What Stevie Ray Vaughan’s career lacked in length, it made up for in truly amazing moments. From his time as an up-and-coming blues artist marking time in clubs and juke joints around Texas to his years as a guitar god playing on some of the biggest stages in the world, Vaughan made every minute spent with an instrument in his hands and microphone in front of his lips a special one. But which ones were best? Here are our choices for Stevie Ray Vaughan's 10 Most Historic Performances.
Live at Stubbs BBQDecember 1978
Long before he was an international guitar icon, Vaughan was just another unknown regular of the Texas blues-rock circuit, jamming multiple nights a week on a variety of stages across the Lone Star State. This gig at Stubb’s BBQ in Lubbock, Texas provides a critical glimpse of the guitarist as a still-burgeoning young talent cutting his teeth and trying to make a name for himself.
Montreux Jazz FestivalJuly 17, 1982
This was the gig that started it all. Though he didn’t quite get the reception he might have hoped for from the Swiss crowd – a few members of the audience actually booed him and his band – Vaughan diligently ran through many of the tracks that would make up his debut album Texas Flood. One person who recognized his talents in Montreux was Jackson Browne; he offered use of his recording studio after jamming with Stevie Ray and company the night following this show.
Live at the El MocamboJuly 20, 1983
By 1983, Stevie Ray Vaughan’s star was on the rise and this performance at the El Mocambo club in Toronto, Canada captures that moment perfectly. This was actually the second gig played in Toronto; Stevie Ray performed at the CNE Bandshell four days earlier with Steppenwolf as the opening act. The intensity on stage for the July 20 performance is palpable, especially for the dual Jimi Hendrix covers of “Voodoo Chile (Slight Return)” and “Third Stone From the Sun.”
In Session with Albert KingDecember 6, 1983
Throughout his life, Vaughan made it a priority to pay homage to his heroes, and few loomed as large in his mind as the fabled bluesman Albert King. King himself wasn’t inclined to take part in the show and eventual broadcast until he discovered that Vaughan was the same “Little Stevie” who had sat in with him in years past. Minus a performance of “Pride and Joy,” the set is a complete run through of Albert King’s many hits, just as we’re sure Vaughan wanted.
Live at Carnegie HallOctober 4, 1984
If you can make it there, you can make it anywhere.
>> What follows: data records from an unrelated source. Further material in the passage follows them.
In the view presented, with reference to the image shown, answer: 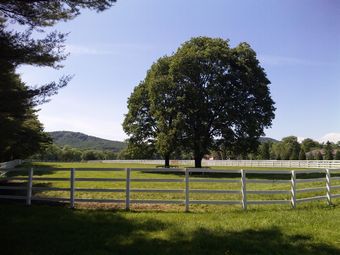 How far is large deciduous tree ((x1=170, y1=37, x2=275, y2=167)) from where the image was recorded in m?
40.0

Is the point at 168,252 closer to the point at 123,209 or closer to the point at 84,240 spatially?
the point at 84,240

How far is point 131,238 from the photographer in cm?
956

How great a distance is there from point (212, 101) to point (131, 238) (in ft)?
103

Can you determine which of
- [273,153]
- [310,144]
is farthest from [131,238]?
[310,144]

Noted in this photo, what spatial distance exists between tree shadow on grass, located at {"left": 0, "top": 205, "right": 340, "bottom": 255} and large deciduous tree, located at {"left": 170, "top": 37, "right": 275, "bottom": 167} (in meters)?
28.7

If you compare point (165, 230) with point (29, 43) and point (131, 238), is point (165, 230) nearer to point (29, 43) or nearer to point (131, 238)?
point (131, 238)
Among New York City’s many illustrious stages – from Radio City Music Hall to Madison Square Garden, from the Apollo to the Beacon – Carnegie Hall remains the glittering gem. And Vaughan rose to the occasion, a day after his 30th birthday. This show featured a number of guests, including brother Jimmie Vaughan, and was highlighted by a variety of covers of songs by Guitar Slim and Albert Collins. Not a bad way to bring in a new year.
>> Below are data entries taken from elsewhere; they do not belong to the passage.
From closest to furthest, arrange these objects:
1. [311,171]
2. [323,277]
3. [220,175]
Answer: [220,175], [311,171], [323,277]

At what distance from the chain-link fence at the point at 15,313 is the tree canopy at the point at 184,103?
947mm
Second stop at the Montreux Jazz FestivalJuly 15, 1985
Three years after he and his band were nearly booed off the stage, Stevie Ray Vaughan returned for his redemption. This time around, the crowd was much enthusiastic as he weaved songs in from his latest record Couldn’t Stand the Weather amongst the old standbys.
The American Caravan with Lonnie MackAugust 26, 1986
Vaughan long credited rock pioneer Lonnie Mack and his song “Wham” for helping spur him to create his own signature sound. He was finally able to pay the guitarist the appropriate homage on this stop in Atlanta on his Live Alive tour. The evening was also memorable, since Vaughan said it was the first he'd ever performed completely sober.
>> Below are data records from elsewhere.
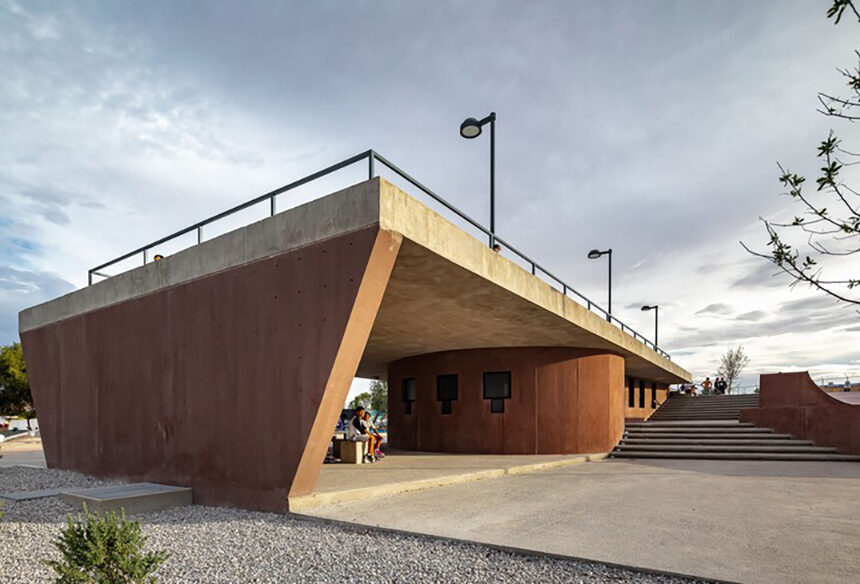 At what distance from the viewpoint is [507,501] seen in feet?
26.7

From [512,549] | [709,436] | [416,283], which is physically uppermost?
[416,283]

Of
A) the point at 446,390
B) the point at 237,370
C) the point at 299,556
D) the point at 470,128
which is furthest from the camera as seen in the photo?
the point at 446,390

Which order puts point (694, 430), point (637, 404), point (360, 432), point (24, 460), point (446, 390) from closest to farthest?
point (360, 432), point (446, 390), point (694, 430), point (24, 460), point (637, 404)

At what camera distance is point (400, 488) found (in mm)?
9047

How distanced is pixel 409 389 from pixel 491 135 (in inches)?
392

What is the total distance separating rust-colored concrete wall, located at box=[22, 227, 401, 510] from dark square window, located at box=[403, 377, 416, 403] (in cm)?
946

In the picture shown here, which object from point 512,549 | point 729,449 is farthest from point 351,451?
point 729,449

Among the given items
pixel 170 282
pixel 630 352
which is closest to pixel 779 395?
pixel 630 352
MTV Mardi Gras With Jimmie Vaughan February 28, 1987
Recorded for a television special, Vaughan turned this gig on a Louisiana riverboat into a family affair by bringing out Jimmie to play. (His brother's band the Fabulous Thunderbirds opened up, alongside New Orleans’ own Dr. John.) Two nights later, Vaughan took his act to the Federal Corrections Institution in Big Springs, Texas.
Austin City LimitsOctober 10, 1989
As any performer will tell you, no show is sweeter than one back in your hometown – especially after a few long hard months grinding it out on the road. By 1989, Stevie Ray Vaughan was no stranger to the ACL stage, having performed there six years earlier. But it was this show, a little less than a year before his death, that most people remember. His take on Buddy Guy’s “Leave My Girl Alone” is spectacular.
The Final CurtainAugust 27, 1990
Even if this hadn't been Stevie Ray Vaughan’s final concert, it still would have been a shoo-in to make this list. Performing alongside the likes of Eric Clapton, Robert Cray, Buddy Guy and his brother Jimmie at the Alpine Valley Music Theater in East Troy, Wisconsin, Stevie Ray pulled out all the stops. It was a fitting coda to the life of a man who lived to perform.